新生活に戸惑う新社会人こそ、東京天狼院店長の三浦さんが選ぶこのフルスロットル本だけは読んだ方がいいかもしれない《リーディング・ハイ》


記事:kiku(リーディング・ライティング講座)

 

 

「何でお前はこんなにも仕事ができないんだ!」

私は上司にそう怒られていた。

 

「すいません、すいません」

私はただ謝るしかなかった。

連日続く徹夜で頭がマヒしていて、上司の怒鳴り声が頭に入らないくらい私はノイローゼになっていたと思う。

 

人間は生命を維持するのに、最低限1日に3時間以上寝ないと体が持たないものだ。

当時、私は1日平均睡眠時間30分の中、死に物狂いで働いていた。

同期は次々と辞めていった。

辞めていけばいくほど、残った社員に仕事が蓄積されていき、辞めづらくなるという悪循環に陥っていた。

 

私は完全にノイローゼだった。

こんなはずじゃなかった。そう思えて仕方がなかった。

よく考えれば、自分で選んだ道のりだ。

テレビ制作会社と言ったら過酷な労働環境で有名なはずだった。

普通のサラリーマンよりかは楽だろうと思い、入社したが、

現実はこんなにも厳しいものかと驚いた。

 

めまいがするほど死にものぐるい働き、一ヶ月に一度、奇跡的にあった休みを利用して、私は中学時代の友人に会いに行くことにした。

友人は私の死にそうな顔を見て驚いたという。

 

「体調悪そうだけど大丈夫か?」

 

当時、私は度重なるストレスで精神的に病んでいたためか、約2ヶ月で8キロも体重が減っていた。

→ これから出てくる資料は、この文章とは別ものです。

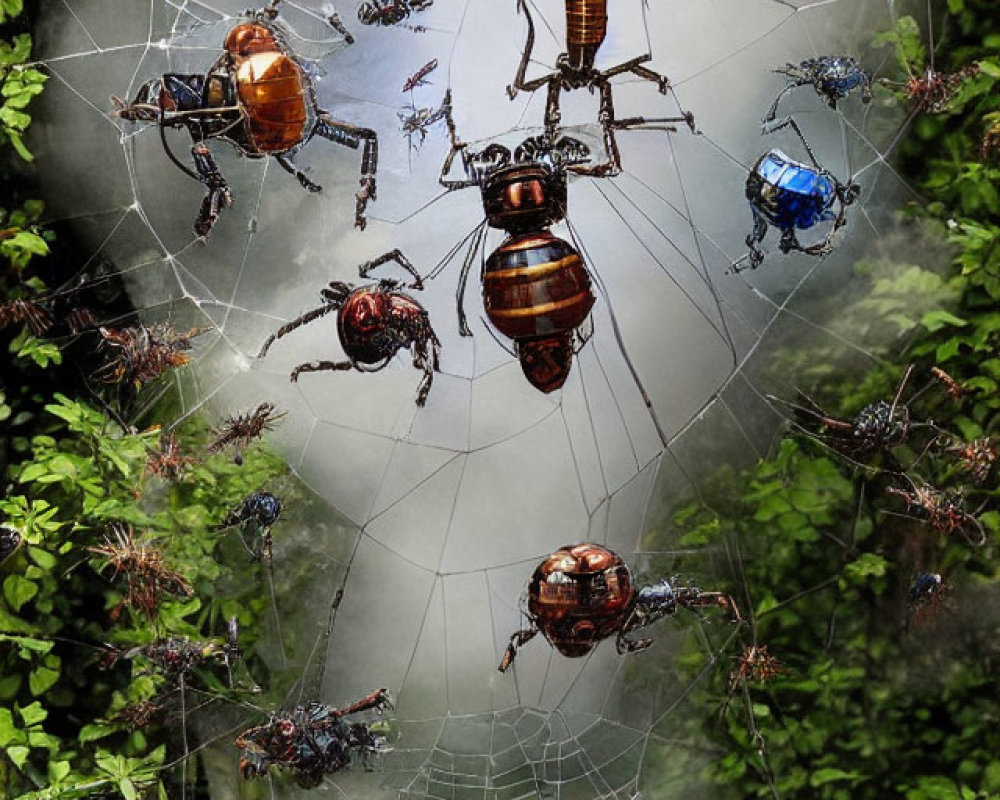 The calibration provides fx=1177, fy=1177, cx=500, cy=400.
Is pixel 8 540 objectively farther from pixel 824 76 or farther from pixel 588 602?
pixel 824 76

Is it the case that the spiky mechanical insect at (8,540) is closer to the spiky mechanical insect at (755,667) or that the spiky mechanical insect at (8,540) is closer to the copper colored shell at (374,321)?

常にふらふらしていて、どう見ても精神的におかしくなっていると彼は思ったみたいだった。

 

私は現在の置かれている状況と体調を友人に相談していった。

友人は真剣な眼差しで聞いてくれた。

 

「そんな会社いますぐに辞めたほうがいい」

彼はそう言っていた。

「三年は続けたほうがいいってみんな言うけど、好きでもないことに3年も時間を費やすのはもったいない。今すぐ転職したほうがいい」

 

私はめまいでふらふらしながらも彼の真剣なアドバイスを聞いていたと思う。

3年は続けたほうがいいのはわかっている。

だけど、私はもう限界だった。

このままではさすがに死ぬと思ったのだ。

 

私は結局、退職届を出すことにした。

上司の反応は呆気なかった。

 

そんなあっさりと終わるものなんだなと私は思った。

会社の同僚や先輩は私に声をかけてきてくれた。

「もうちょっと頑張れよ」

「残された俺たちはどうなるんだ」

 

私は申し訳ない気持ちが芽生えていた。

 

 

 

退職前、先輩ディレクターとタクシーが一緒になる時があった。

そのディレクターは鬼のような人で、私は毎日怒鳴られてばかりだった。

会社中でもめちゃくちゃ怖い人で有名だった。

 

あ、この人と一緒にタクシーに乗るのか……

やだな。

 

私はそう思いながら先輩ディレクターと一緒にタクシーに乗ることにした。

ま、これで会うのも最後だし、局から会社までの30分間耐えればいいんだな。

そう思い、私は黙ってタクシーに乗ることにした。

 

車内では重い沈黙が流れていた。

私はひたすら時が過ぎるのを待っていたと思う。

 

先輩ディレクターは重い沈黙を破るように口を開けた。

 

「お前はちょっとテレビの世界に入るのが早すぎたんだな。若い時はいろんな経験をしたほうがいい。俺は20代、ずっとフラフラしていた。テレビ業界に入ったのも30歳過ぎだった」

 

私は驚いた。

先輩ディレクターは明らか20代前半からバリバリ業界内で活躍してきたような風貌をしていたので、テレビの世界に入ったのが30歳だと聞いて本当に驚いたのだ。

 

「若い時は本当にフラフラしていた。寄り道ばっかりしていたな。

それで、遠回りして結局テレビの世界にたどり着いたんだ」

 

タクシーの中で聞いたところによると、その先輩ディレクターは20代前半はとび職をしていたらしく、金を貯めて、アメリカに渡り、そこで世界を動かしていくマスコミの世界に魅了されたという。

 

「ずっとフラフラしていたけど、30歳でようやく今の業界にたどり着けた。人よりも寄り道ばかりしていたけど、寄り道は自分の財産になっている。お前ももっと寄り道すればいい」

 

先輩ディレクターはそう言ってくれた。

いつも怒鳴ってばかりだった上司だったが、最後は暖かい言葉を私に投げかけてくれたのだ。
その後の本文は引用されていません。